Quandl update
It’s been a few months since I wrote about how much I love Quandl so you might be wondering how things are working out for me. The good stuff is still really good but there are a few things that still need work.
The good
- I can import data directly from R/Python code without having to go near the ONS website. It’s at easy as
Quandl.get('UKONS/ABMI')
and I have a properly indexed dataframe ready to go. - Once I’ve written the import I can re-run the code and it automatically pulls the latest data so I never need to worry about when the last release was. People lucky enough to have Bloomberg/Datastream probably don’t think this is a big deal but I’m not one of those people.
- The Quandl maintainers are incredibly good at adding new data sources and you can even upload your own datasets now.
- It charts the series on the website for you and gives you embeddable charts like this in seconds, without leaving your browser. That is incredibly useful when you want to have a quick look at a series without having to download the data and chart it yourself.
The frustrating
- Quandl are great at adding datasets and great at aggregating data but there’s very little organisation of it so far. For instance, the UK’s GDP series is available from the ONS in three different datasets at two different frequencies and in various forms (raw, SA, %age change, etc). Quandl hosts them all, which is great, but doesn’t draw the links between them. For someone who knows the data that’s fine but it could prove very confusing for a novice. The ONS give the series the same code across all releases so perhaps linking the releases is something that could be done in future.
- Searching for data is a nightmare. If I search ‘UK GDP’ there are 17417 pages of results and the official ONS data isn’t even on the first page. Okay, let’s narrow the search by suggested sources to the ONS. Now there are only nine pages of results but the GDP series still aren’t on the first page. Luckily, I know the ONS code for GDP,
YBHA
, so let’s search on that. Uh-oh, no results! How am I going to find this series?! Well, I can see that the other series are coded by Quandl asUKONS/[dataset]_[ONS code]_[frequency]
, so let’s try just pulling the seriesUKONS/QNA_YBHA_Q
from a Python interpreter. Success, I’ve got the series! But I still can’t see the metadata, or the webpage, or embed a chart, or do any of the other great website things. Update: Abraham Thomas of Quandl helpfully points out that I could go to the address to get the metadata and the link will be automatically expanded.

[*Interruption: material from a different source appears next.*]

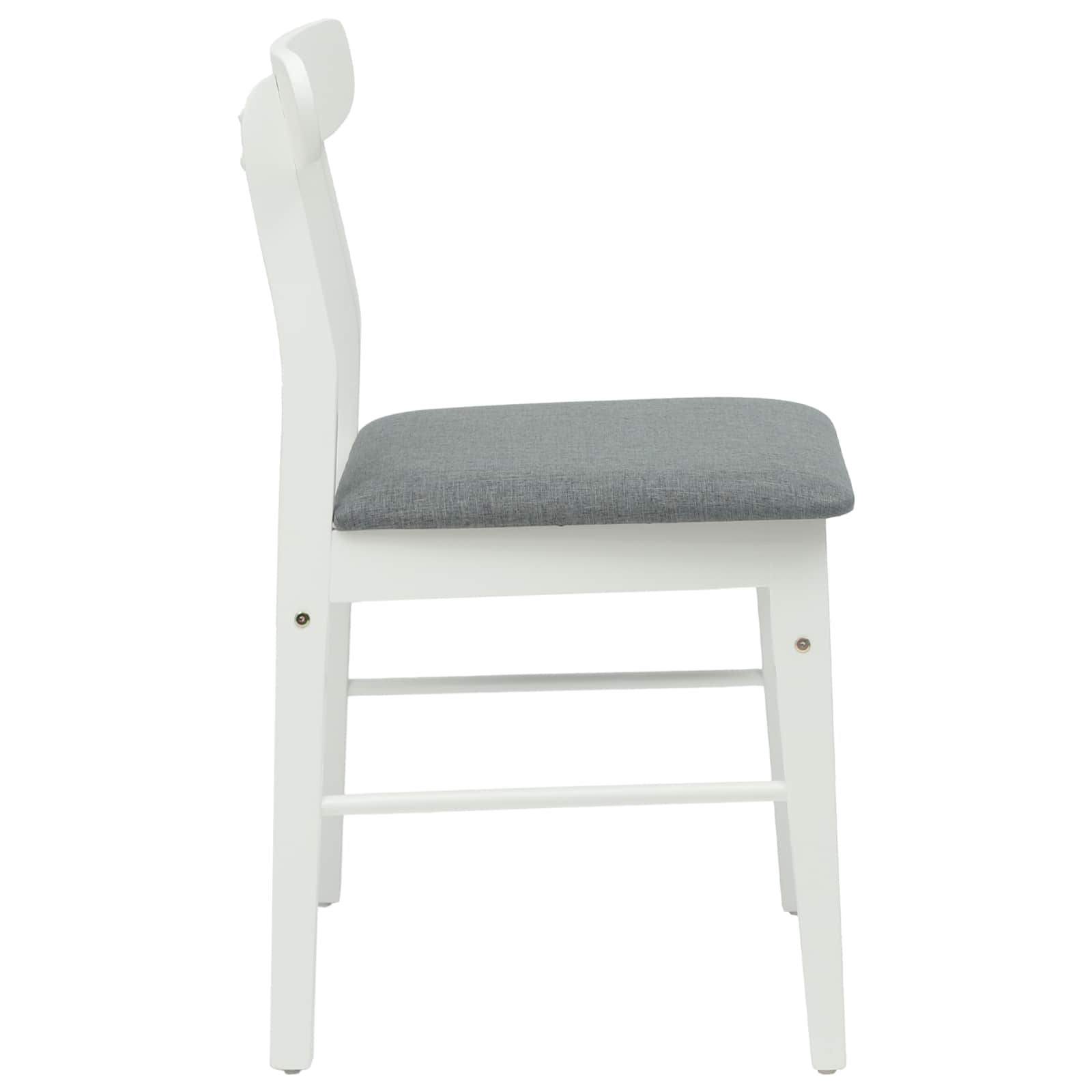 Scaun de sufragerie 2 pcs Alb si gri Lemn Solid de Cauciuc — imaginea 6
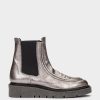 Shoe Pedro Miralles Ankle Boots | Leather Ankle Boots With Silver Elasticated Sides Nucleo Metal Peltro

As Quandl has grown it’s added data very quickly but it’s now at the point that it’s becoming a bit unwieldy without effective search and organisational tools. I really hope that’s next on the devs list of things to do so it can become the fantastic repository that it has the potential to be.
Hi James, Abraham here from Quandl. You’re absolutely right — data discovery is our biggest weakness, and the single most frustrating thing about Quandl. There’s no point having millions of datasets “somewhere” on the website if users can’t find the precise datasets they need, quickly and efficiently. Fixing search is our #1 dev priority. We’re working on it!
Thanks Abraham, I’m sure you guys are on top of it and it’s obviously a fairly tough problem to crack. I look forward to seeing what you come up with!